**What to work on:** Output what the records say, word for word, with no images.
====== Input records ======
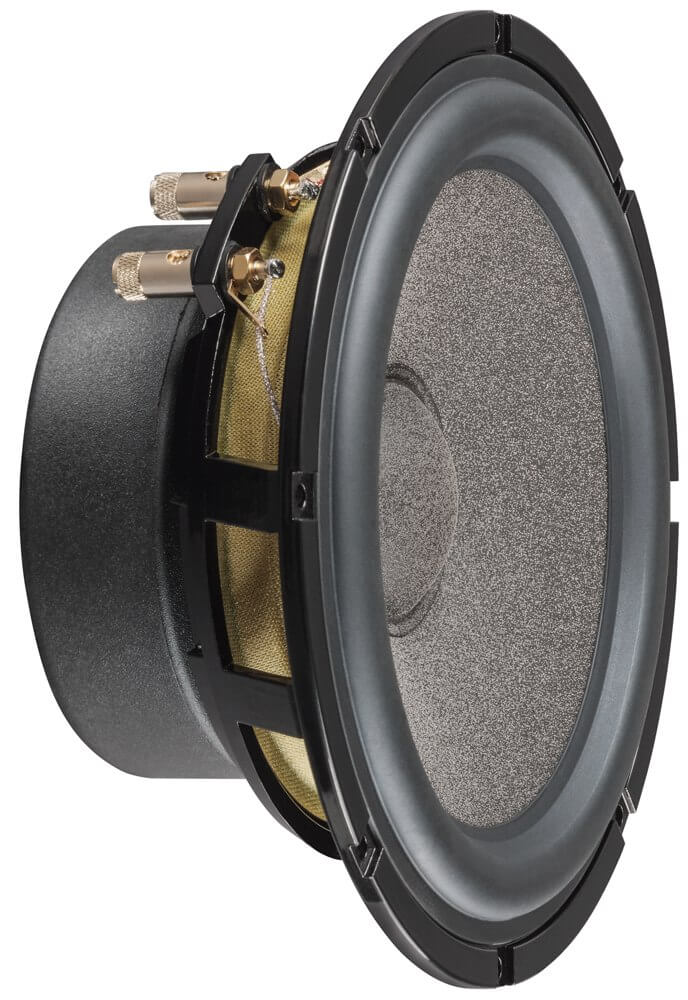 High-End мидбаси Brax Matrix ML6D, 16.5см, 120W RMS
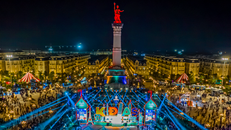 Triển lãm Vinhomes công bố quy hoạch Ocean City – “thành phố kỳ tích” phía Đông Hà Nội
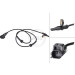 A.B.S. Sensor, Raddrehzahl A.B.S. Sensor, Raddrehzahl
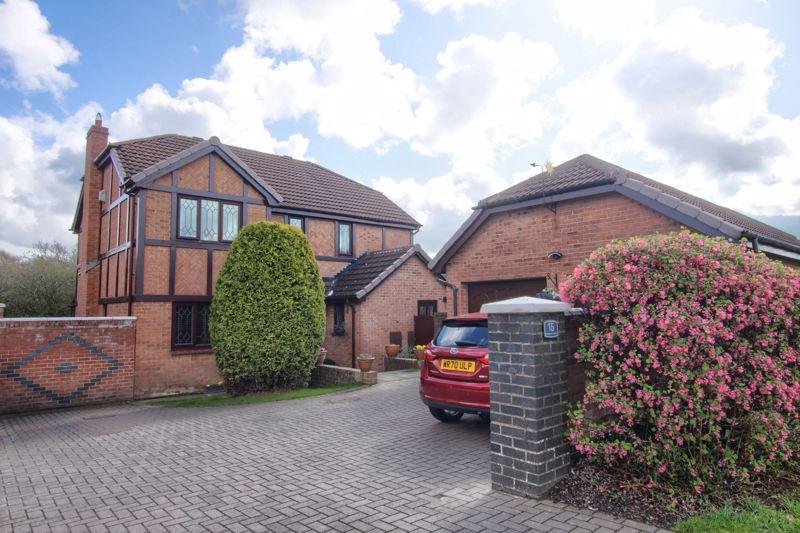 Thorington Gardens, Ingleby Barwick 4 bed detached house £400,000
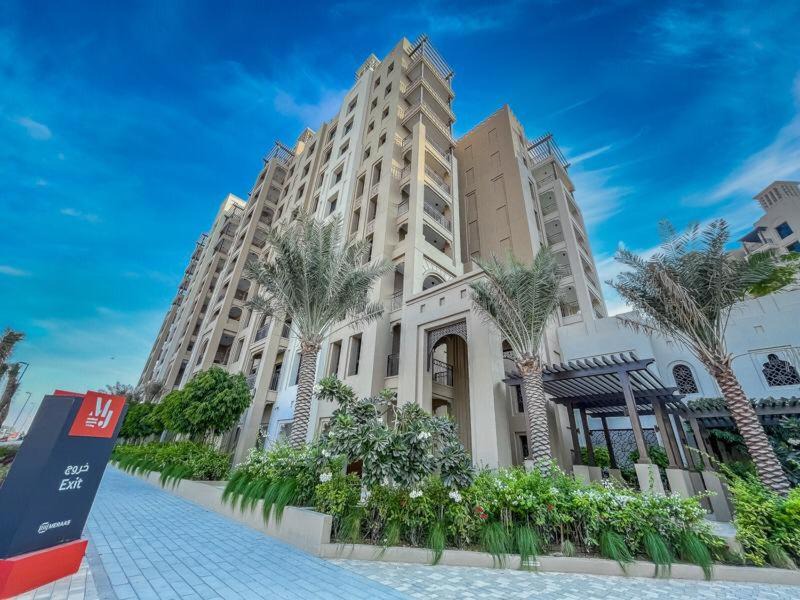 Umm Suqeim 3 Apartment | Madinat Jumeirah Living Rahhal-1 by Four apple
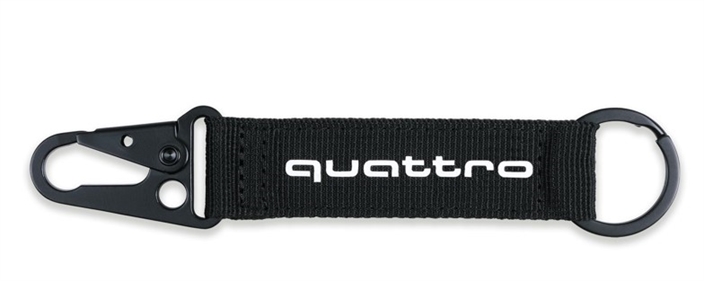 quattro nøglering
======
**Your solution:**
 High-End мидбаси Brax Matrix ML6D, 16.5см, 120W RMS
 Triển lãm Vinhomes công bố quy hoạch Ocean City – “thành phố kỳ tích” phía Đông Hà Nội
 A.B.S. Sensor, Raddrehzahl A.B.S. Sensor, Raddrehzahl
 Thorington Gardens, Ingleby Barwick 4 bed detached house £400,000
 Umm Suqeim 3 Apartment | Madinat Jumeirah Living Rahhal-1 by Four apple
 quattro nøglering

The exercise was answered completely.